Other studies find that political corruption creates inefficiencies that are detrimental to firm value (Brown et al., 2018; Buchanan & Tullock, 1962; Dass et al., 2016, 2018; Durnev & Fauver, 2011; Rose-Ackerman, 1975, 1999; Shleifer & Vishny, 1993, 1997, 1998) and reduces corporate risk taking (Caprio et al., 2013; Stulz, 2005). Some studies find that firms fend off rent seeking in more politically corrupt environments by foregoing liquidity and undertaking financially suboptimal policies (Smith, 2016) or by practicing more opaque disclosure policies (Durnev & Fauver, 2011; Stulz, 2005) that are associated with more severe informational asymmetry issues (C. J. Chen et al., 2010), and that such firms are more likely to have minority shareholders that are expropriated by majority shareholders (Qian et al., 2010). Furthermore, the costs to access public capital markets are higher in more corrupt environments (Gounopoulos & Huang, 2017) as are municipal bond yields (Butler et al., 2009) and the all-in costs of bank loans to firms (Hossain et al., 2020) assessed at the state level.

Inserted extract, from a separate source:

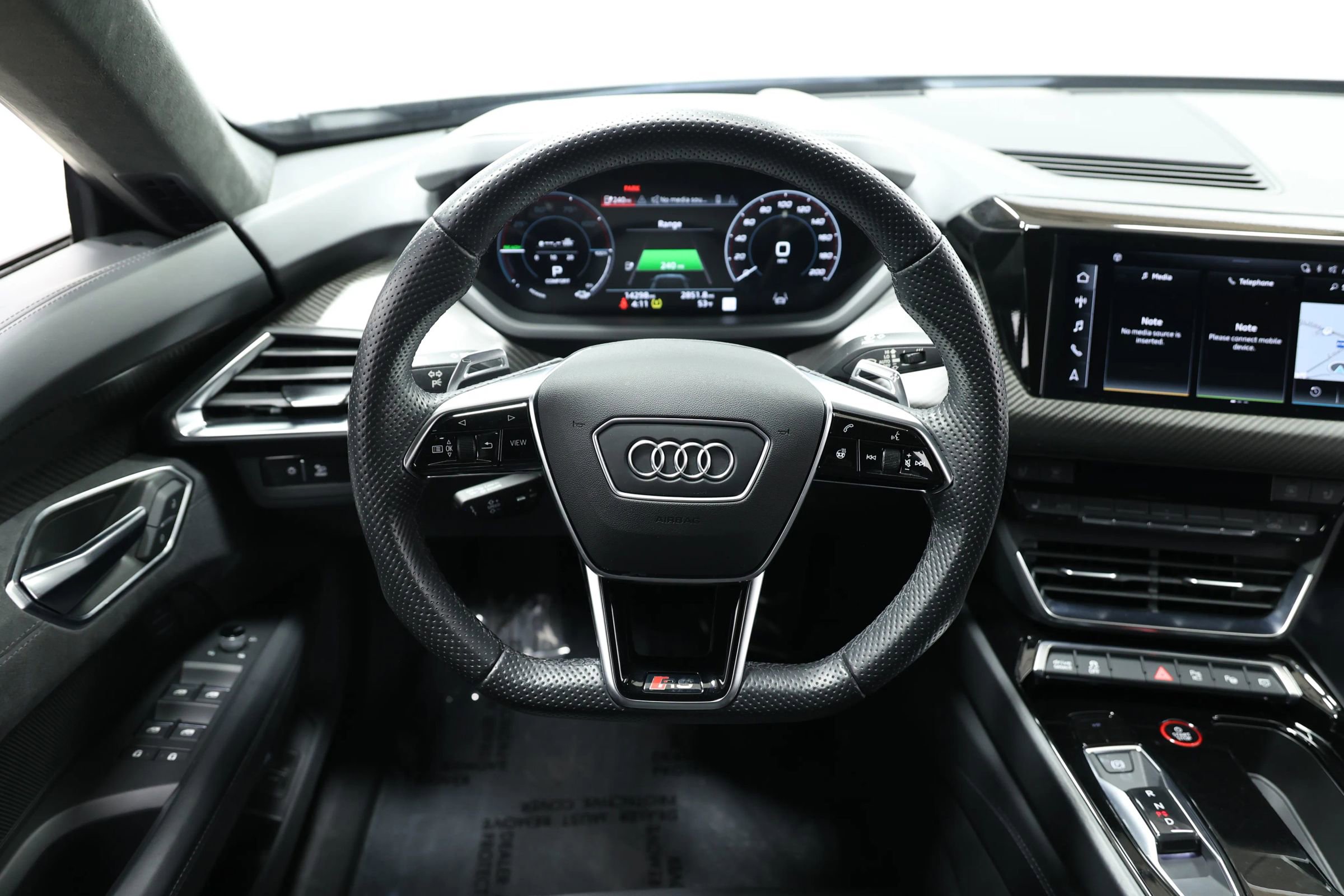 Used 2022 Audi RS e-tron GT w/ Carbon Performance Package image 32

CoEs are found to be higher with poorer corporate disclosure practices (Barry & Brown, 1985; Coles et al., 1995; Pagano & Lombardo, 1999), and poorer corporate governance practices (Albuquerue & Wang, 2008; Attig et al., 2008, 2013; K. C. Chen et al., 2009), and also depend on alternate forms of nonregulatory mechanisms, such as religion (El Ghoul et al., 2012), social capital (Gupta et al., 2018), and social responsibility (El Ghoul et al., 2011). We argue that based on these findings, we expect that CoE will be related to the level of corruption at the state level based upon how efficiently firms can implement their corrupt practices. In turn, implementation efficiency will depend on the level of oversight and ethical standards practiced in a legal jurisdiction (Boubakri et al., 2013).

Based on the equity pricing and corruption literatures on the effects of political corruption on firm valuation, risk taking, and funding costs discussed above, we formally present the following two competing alternate hypotheses:

HCEH: The CoE will be higher in more politically corrupt environments due to the inefficient actions taken by firms to fend off or exploit corrupt-rent-seeking behavior.

BCEH: The CoE will be lower in more politically corrupt environments due to the efficient actions taken by firms to fend off or exploit corrupt rent-seeking behavior.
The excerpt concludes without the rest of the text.